> _WORK INSTRUCTION_: Your reply must contain the full listing below, reproduced exactly, but no pictures.
(THE DATA Opens)
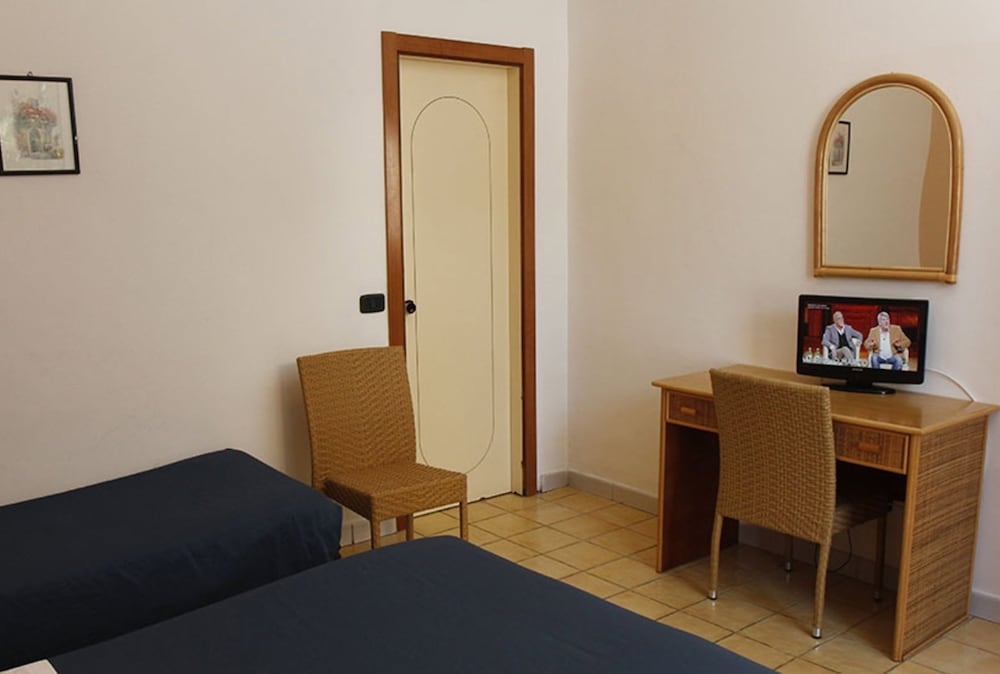 La Darsena Hotel 26/41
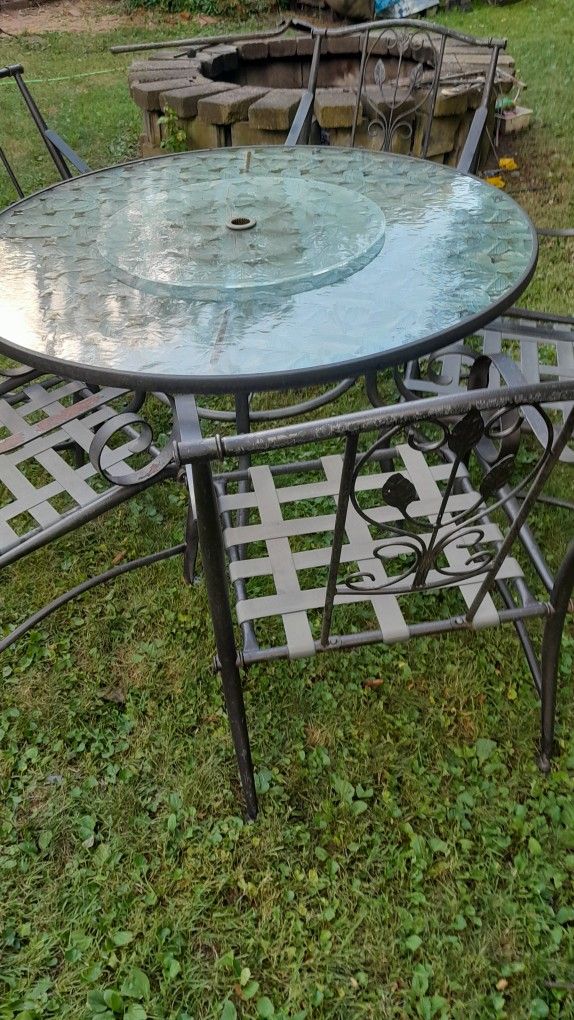Lawn Tables And Chair Set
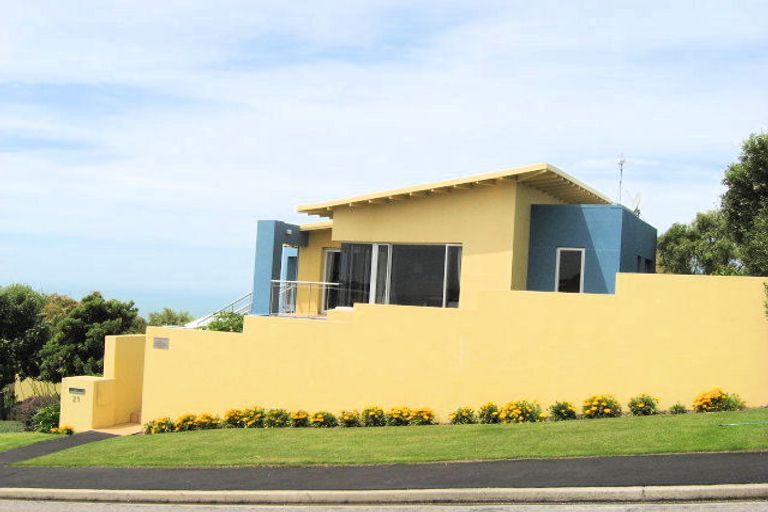 Photo of property in 21 Godley Drive, Scarborough, Christchurch, 8081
(THE DATA Closes)
> _TASK OUTPUT_:
 La Darsena Hotel 26/41
Lawn Tables And Chair Set
 Photo of property in 21 Godley Drive, Scarborough, Christchurch, 8081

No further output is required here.